Data section:
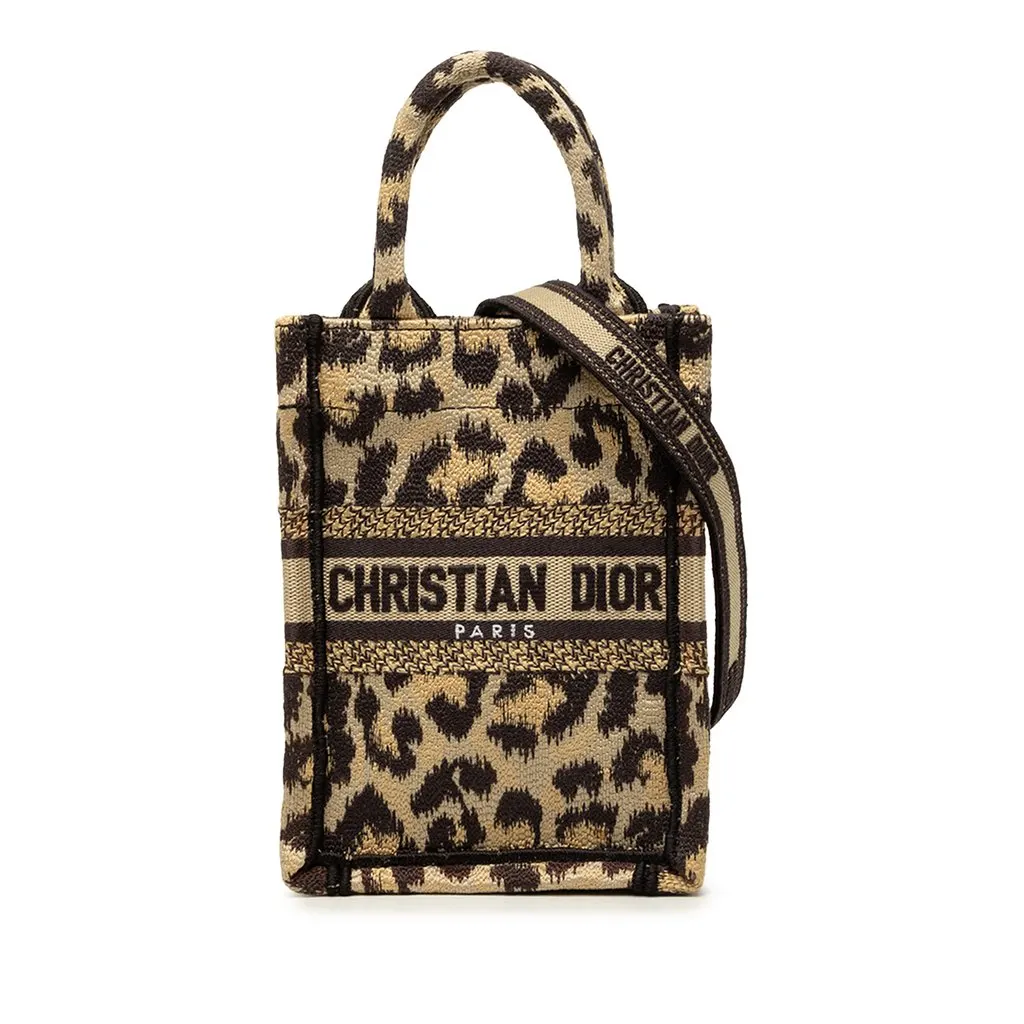 Dior Mizza Mini Embroidered Canvas Leopard Vertical Book Tote Beige Canvas Very good - Front View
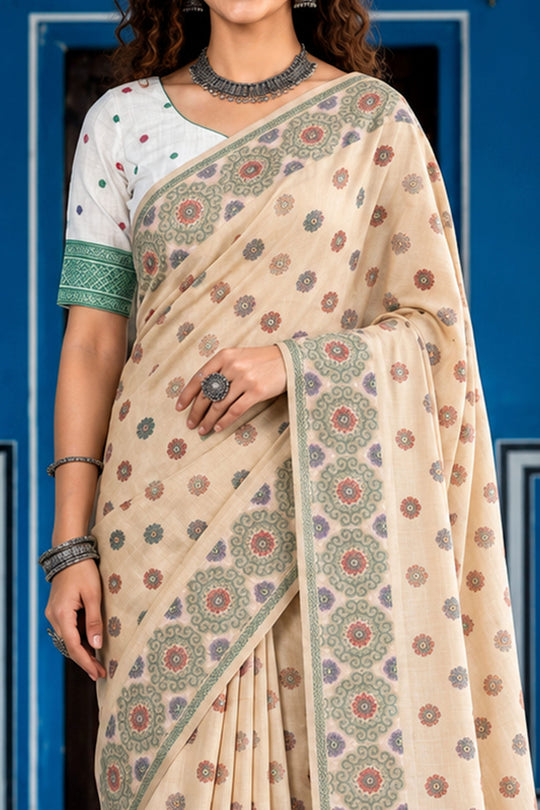 Beige Cotton Blend Woven Work Traditional Saree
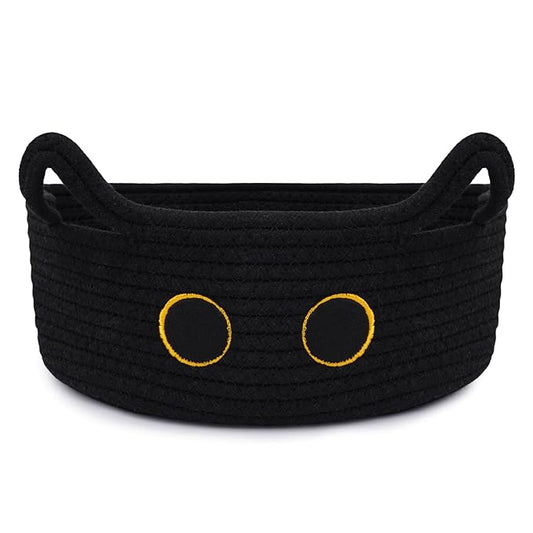 Black Cat Toy Basket for Nursery, Small Cute Cat Oval Woven Cotton Rope Blanket Storage Basket, Baby Shower Blanket Hamper 0rganize Box with Handles,Gifts Empty Storage Cat Bin,12"D x 5"H in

What the task requires: A word-for-word copy of the lines from the one with "Beige Cotton Blend" through the last line of the data above is required, with both end lines included and no pictures.

Response:
 Beige Cotton Blend Woven Work Traditional Saree
 Black Cat Toy Basket for Nursery, Small Cute Cat Oval Woven Cotton Rope Blanket Storage Basket, Baby Shower Blanket Hamper 0rganize Box with Handles,Gifts Empty Storage Cat Bin,12"D x 5"H in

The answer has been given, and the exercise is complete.